NVEEE Executive Director Jowharah Sanders has been overwhelmed by the response to the campaign. Brianna and the council have also been taken aback by the outpouring of support.
“The Youth Advisory Council is a team but we are more than that. We are a family made up of LGBTQ members and allies. We are all so young and seeing how great this project has grown has been inspiring. We are the future and we are proud.”
This display of courage and leadership, even in the face of grief, is exactly what NVEEE aims to prepare youth to do through services such as their Peace Ambassador Program. With support from The Miami Foundation’s Community Grants program, students help co-lead community-wide bullying prevention workshops at K-12 classrooms throughout Miami-Dade County.
Brianna was so moved by what occurred at Pulse that she was recently compelled to come out to family and friends.
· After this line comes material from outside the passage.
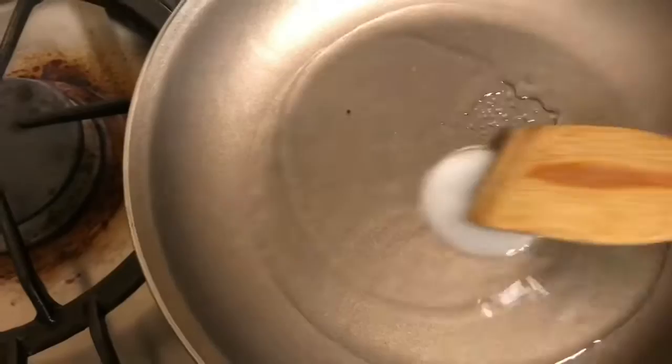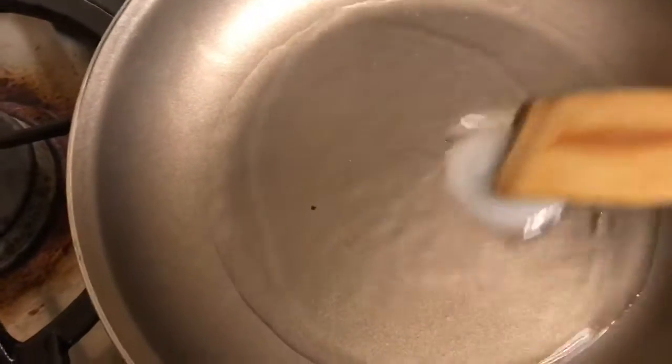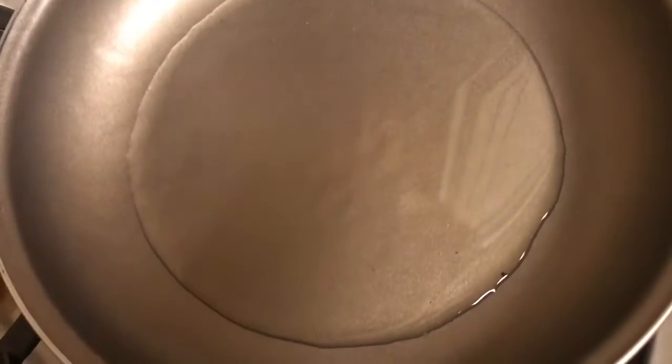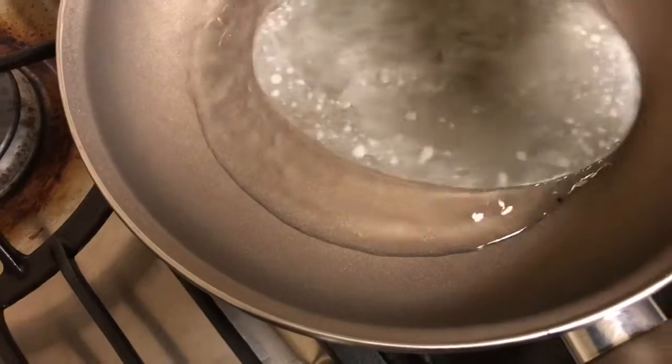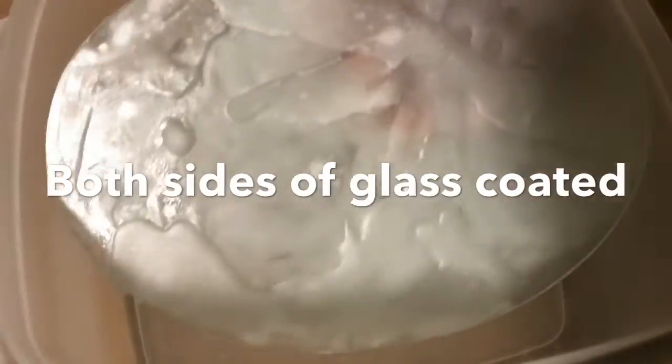Today I'm going to demo etching glass with hydrofluoric acid. First, let's melt some wax to coat our glass. Here it is melted. Let's coat the glass. Here it is with both sides of it coated.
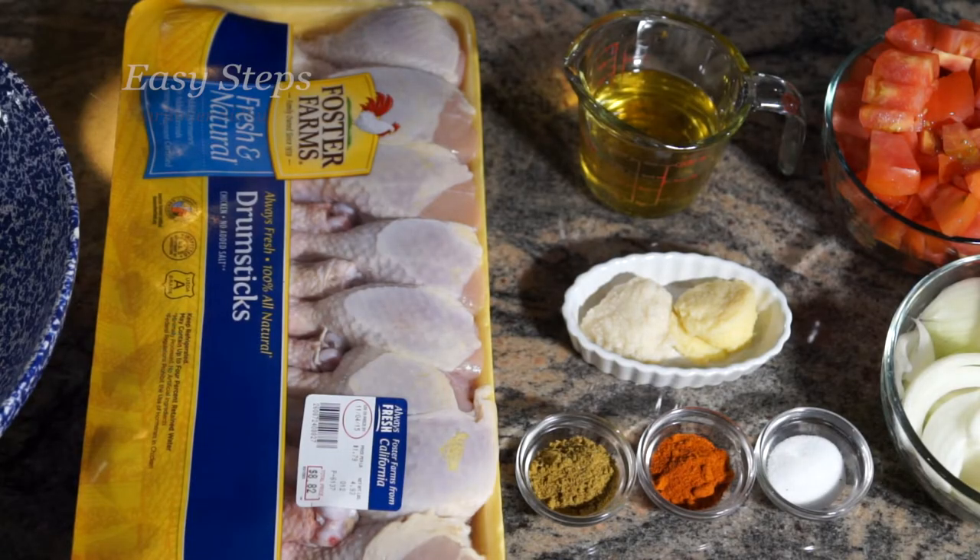Hello everyone, please welcome and join me at Easy Steps Cooking. Today I'm going to share with you a butter chicken recipe. I'm going to use chicken drumsticks and show you how to make delicious, mouth-watering butter chicken. Let's start with the ingredients — I'm going to use chicken drumsticks, they are five pounds.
“Being a young person in the LGBTQ community and hearing about this makes you feel very scared and hesitant of every action, but I think that people like the shooter want us to feel like that. They want us to hide who we are so they can push us back into the closet and pretend we don’t exist, but that can’t happen. The main reason I started #LetterstoOrlando is so that people can stand in solidarity and show support to thousands of people who need it.”
We appreciate Brianna and fellow Youth Advisory Council members, for setting an example inspiring all of us with their tremendous courage and leadership.